Il y a, même dans les pages les plus émouvantes, des constructions bizarres : " Je pensais au pouvoir de l'amour infini, à la noyade de la jeune fille et au jeune mari tentant de la délivrer des eaux froides qui empesaient sa robe blanche ou noire de colombe aux ailes mouillées, engluées, pauvres amants que la mort attirait vers elle, au jeune homme qui, voyant périr l'amour de sa vie, plongea , s'accrocha à lui avec l'énergie du désespoir et se laissa glisser dans l'abîme" (page 69).
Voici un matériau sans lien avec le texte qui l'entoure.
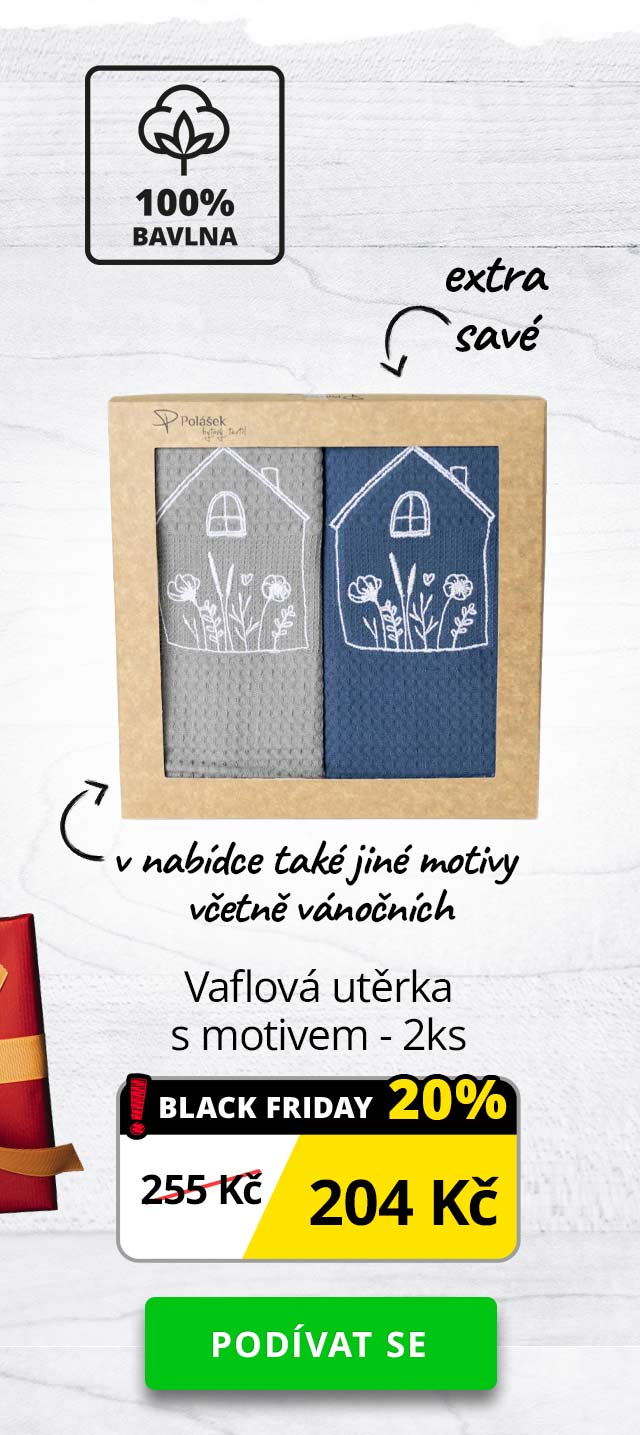 Vaflová utěrka s motivem - 2ks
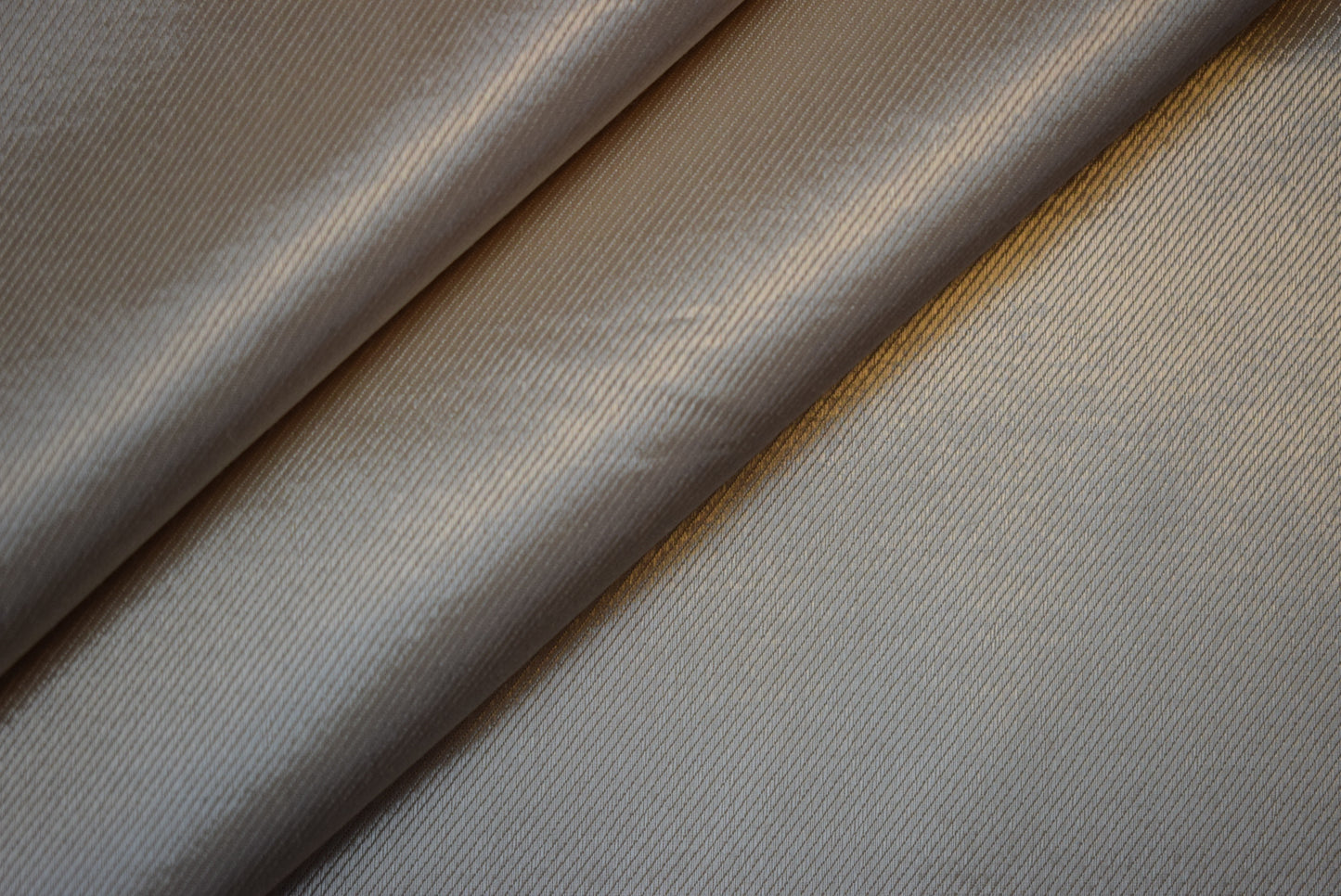 Pale Gold Stretch Sateen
Pourquoi ne sait-on pas si la robe était blanche ou noire, sachant qu'une colombe est plutôt blanche, non ? Et ensuite, le jeune homme, son mari en somme, qui s'accroche, non pas à elle, la jeune femme, mais à lui, l'amour de sa vie… C'est alambiqué, non ?
Encore cette confusion entre imparfait et passé simple : "Le 14 juin Paris tombait et je m'enfermais dans ma chambre…" (page 70). Il ne s'est pas enfermé vingt cinq fois dans cette chambre ! C'est un acte unique (avant Maastricht), donc "je m'enfermai". Idem page 79 "Elle me dévisagea… Le lendemain, je la confiais à la garde d'une famille…". Et encore page 103 "Je les entendais… Je me bouchai les oreilles, j'essayai de dormir… J'étais tel Job sur son galetas…".
À la même page 70, une faute d'accord dont on peut penser qu'elle appartient à l'éditeur plus qu'à l'auteur : "tous ceux qui avaient échappés aux Walkyries ivres de rage et de sang". Et l'éditeur a dû également bégayer quand il a imprimé "… et vous savez ce qui est plus le plus cher aux yeux de notre bien-aimé président du conseil des ministres…" (page 144).
Encore une phrase bancale page 162 : "Il avait constaté aussi la présence de nombreux étrangers, un tiers de juifs pour le moins, dont la circulaire n°14 interdisait la délivrance de visas". J'aurais écrit : "auxquels la circulaire…".
À suivre...
14:31 Publié dans Bachi Salim, Écrivains, Littérature, Livre, Règles du français et de l'écriture | Lien permanent | Commentaires (0)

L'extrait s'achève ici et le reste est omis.